Las encuestas políticas que se difunden en los medios son como las salchichas: se consumen con gusto o disgusto pero no se preguntan con qué ingredientes se hacen. No son saludables. La mayoría responden a operaciones políticas y esto ha contribuido a deslegitimar un instrumento que, en otros campos, ha ayudado a las ciencias médicas, la elaboración de leyes, la inclusión de minorías étnicas, el análisis de la desigualdad de género, entre otros numerosos ejemplos en los que las sociedades democráticas han podido avanzar gracias a estos instrumentos científicos cuyos fundamentos y técnicas están en permanente revisión y mejora.

Prácticamente todas las escuelas de negocios, tan habituales en los países desarrollados, enseñan este apartado de las ciencias sociales que es el estudio y la elaboración de encuestas. También la utilizan organismos humanitarios, iglesias de diversos credos y gobiernos para mejorar algunas políticas determinadas.

Por supuesto, el mal uso de encuestas, como por ejemplo los gobiernos contratando encuestas para medir su imagen electoral (lo cual constituye un delito al hacerse con fondos públicos) las operaciones de prensa y los desaciertos en cuanto a predicción del voto, han contribuido a desprestigiar este instrumento técnico, que como todo instrumento técnico científico, puede usarse para hacer el bien o puede usarse para causar daño y confundir.

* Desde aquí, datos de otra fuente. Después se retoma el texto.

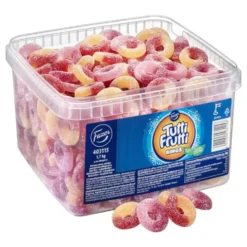 Fazer Tutti Frutti Ringe Økonomipakke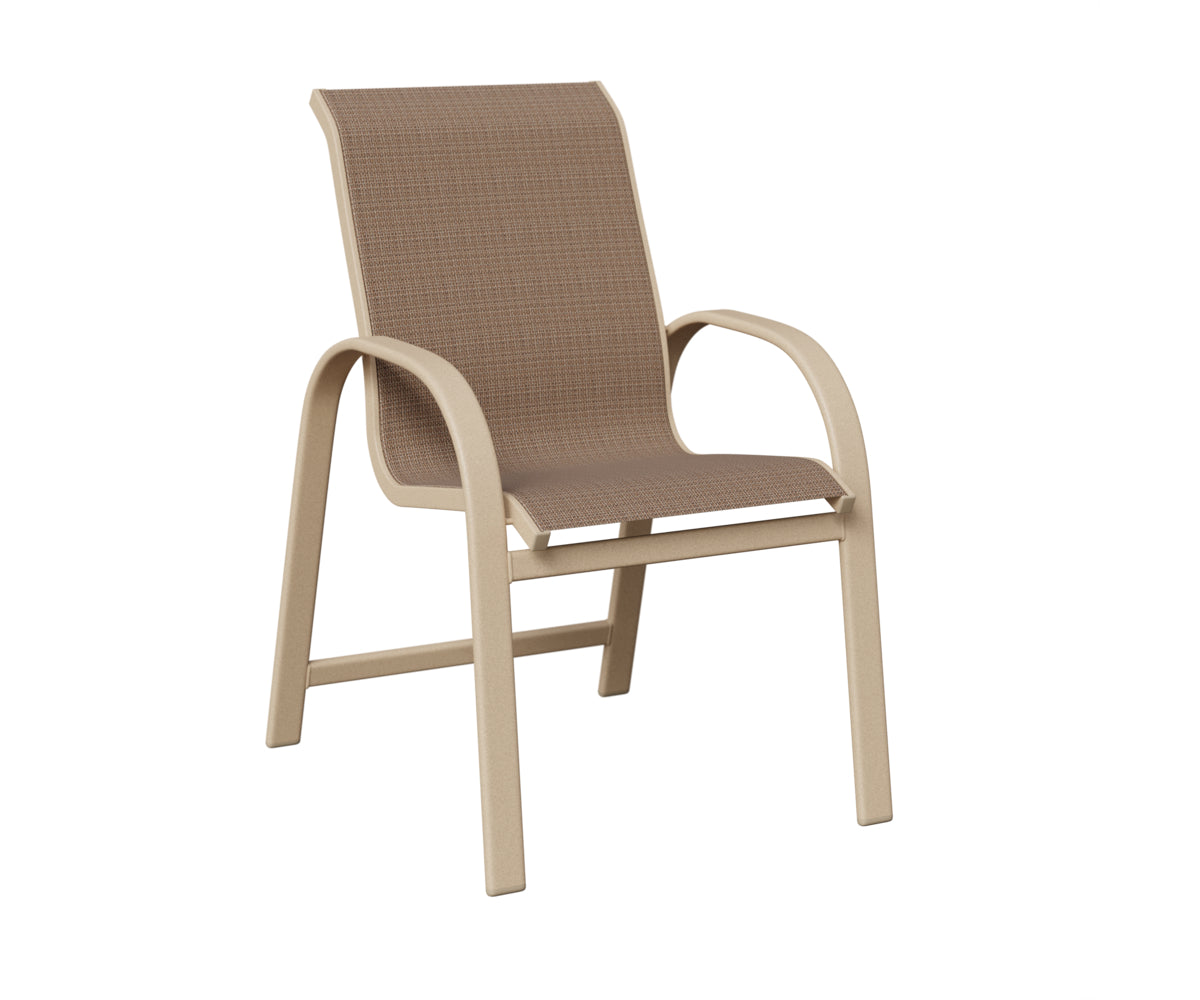 Murphy Padded Sling Dining Chair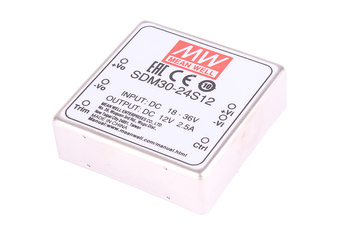 MEAN WELL SDM30-24S12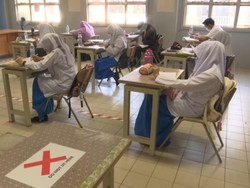 Malaysia Sudah izinkan Sekolah Dibuka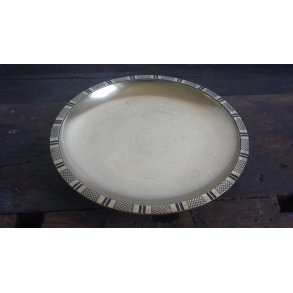 Just Andersen bronze fad B1636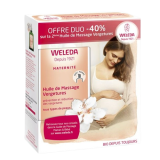 Weleda Huile Vergetures Duo 2 x 100 ml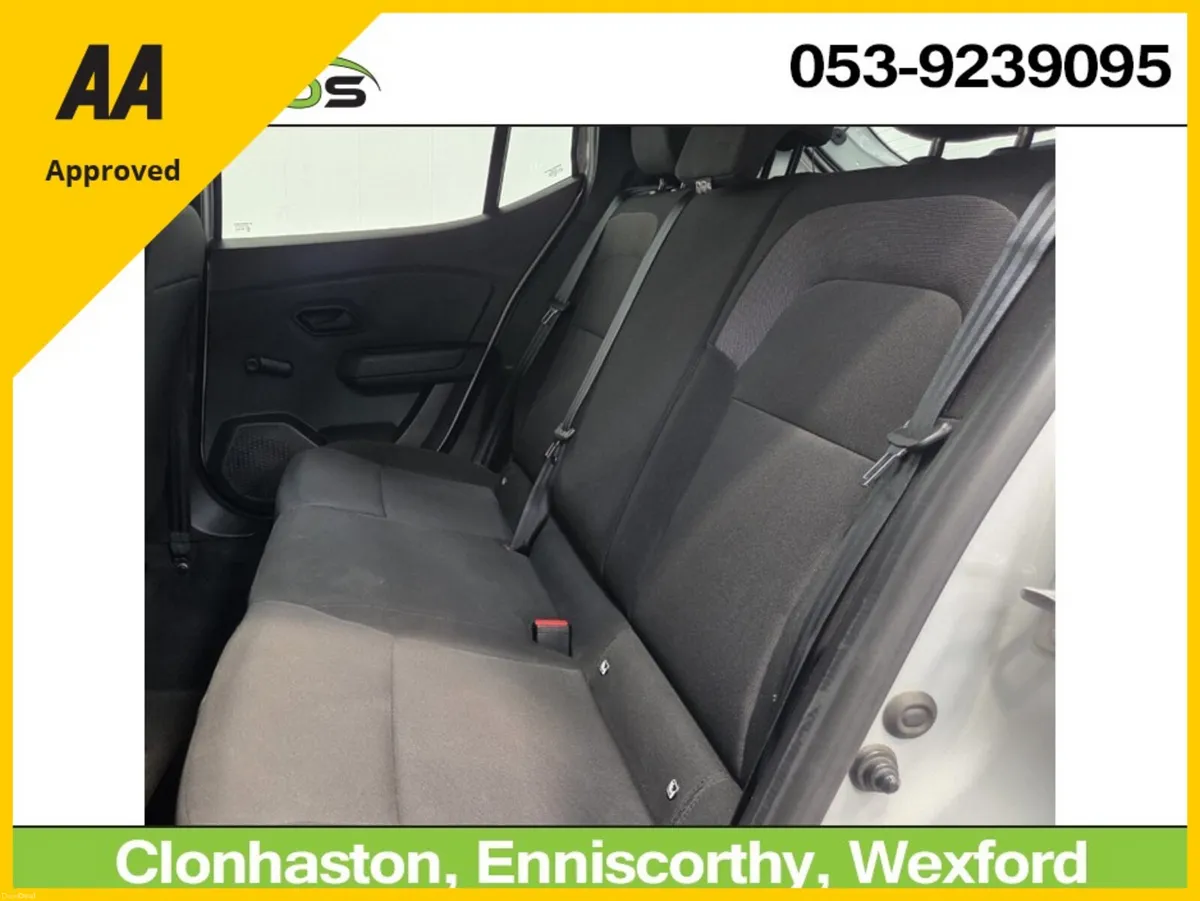 Dacia Sandero 2023 ESSENTIAL - Image 6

Es fundamental que la ciudadanía sea informada de los aspectos más relevantes de una encuesta, como por ejemplo, la metodología con la que se realiza, el universo estadístico contemplado, la empresa o partido político que la contrató, la empresa que la realiza, entre otros aspectos de vital importancia para calibrar la seriedad de una encuesta. Hay estándares internacionales en la materia, que muy pocas consultoras, especialmente las dedicadas a la política, respetan.
En una próxima nota, para no hacer tan largo este artículo, explicaremos cómo se realizan las encuestas de acuerdo a los estándares científicos y cómo descubrir si una encuesta, independientemente de su grado de predicción, es deshonesta o está mal hecha.
Lo importante es saber que la educación de la ciudadanía en torno a las encuestas es de vital importancia para mejora de la democracia.